A very interesting school that is part of the community is for example, Asnada. It’s a Montessori/Experimental school. The idea is to teach in a different way. Helping people to use this new language not as a “stranger” language. Usually you start to have 2 languages: the native one that is the language of feelings and relationships and a second language that is the language of bureaucracy. The idea is to teach a language that helps you to construct your new identity, “create your new life here in a new language”.

So the lessons became a workshop where we, all together, construct the language, with different ways, methods (arts, music, plays…) and also being a community.

So in my opinion it’s really important to be able to find new ways to take care, creating effective spaces of meeting, of real exchange.

Work on resilience, opening workshops where people can create something (for ex. FabLabs, Makerspaces…) using open technologies (like Raspberry Pi) could become new ways to take care of people in really big troubles, with strong vulnerabilities and help them to start again.

Maybe Opencare, Edgeryders community could be the right place where to start!!

What do you think?

Something which escaped my mind

I am wondering if the community would have gotten better if it was organised by the groups in question instead of the municipality.

When talking about Italianostranieri you mentioned that it was useful as a coordination tool for schools - to help them come together and share knowledge. So they probably got better at teaching the language (not sure if you measured results?)

But did it become easier to learn a language, from the point of view of struggling foreigners?

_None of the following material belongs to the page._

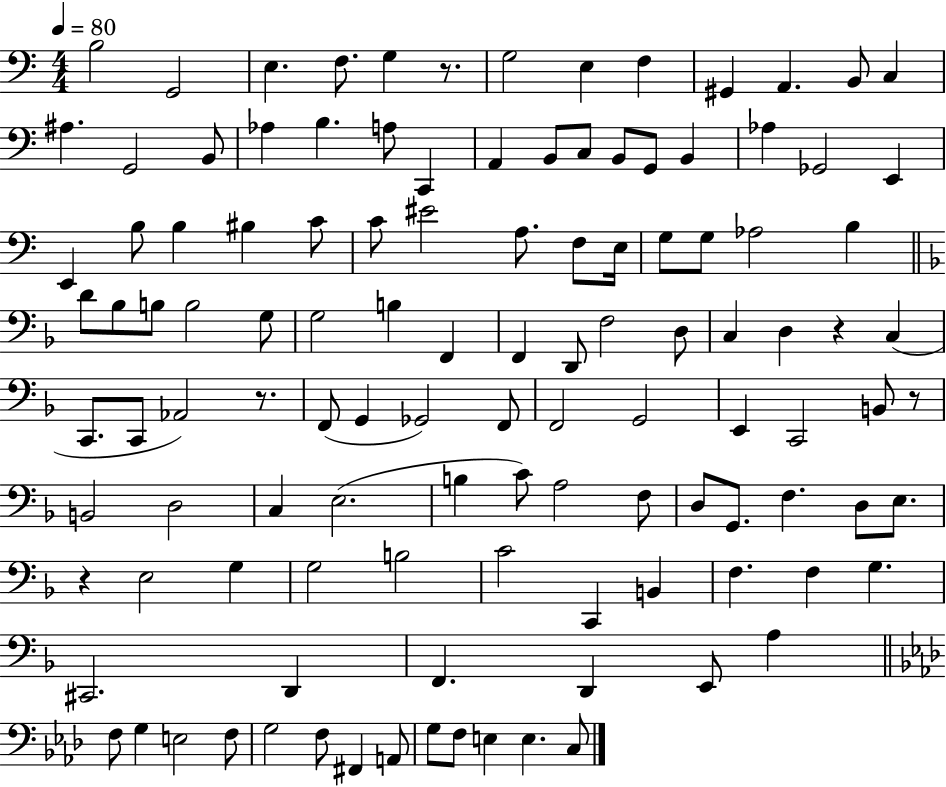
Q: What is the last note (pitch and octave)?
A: C3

Do you have a story from the other side too, @Franca?

self-organized!

@Noemi!

Sorry for my late reply!

The question if it could be better to be self-organized it’s a well-known question for us. It could be easier for some extents, but at the end we understood that it’s really important to have a “neutral” coordinator, that it’s not a service provider of Italian courses.  The coordinator is the Immigration Office of the City of Milan and so a service that tries to help migrants in general, in many ways (jobs, social benefits, reception centers…). So this view is interesting because permits to have an holistic view of the person. But the question remains open…

There is a kind of self-organized network of schools, “Scuole senza Permesso” (“Schools without documents”), but it represents only a particular kind of schools.

And yes, a lot of teachers testify that it’s really useful for their job to be in contact with other schools, teachers and approaches, but it’s not so easy to register the results of an improvement in the quality of teaching. This is because you need to have data about the situation before and after, in order to register the gap and there are a lot of other factors that can influence your way of teaching.

For all these reasons what I could say it’s that there are refugees and asylum seekers happy to have had an Italian class also in August (because of Italianostranieri Community), but it’s not so simple to measure the improvement in the quality of teaching and I think also that it’s a long-term effect…but for sure it could be great to work on it…

Another way is learning the language of their destination

I see, well can’t say I’m surprised it’s difficult to measure, especially if people are transiting.

You may know of this already, it seems different services for refugees would start offering spontaneous language classes like this Baobab centre in Rome, which I’ve come across in another article. Basically you’d have German volunteers teaching people transiting via Roma some basic language in order to be better prepared by the time they reach Germany: she was saying that “teaching them German (or anything else, really) gives meaning to the time they spend here.” I found it ingenious and practical. The original reference is here.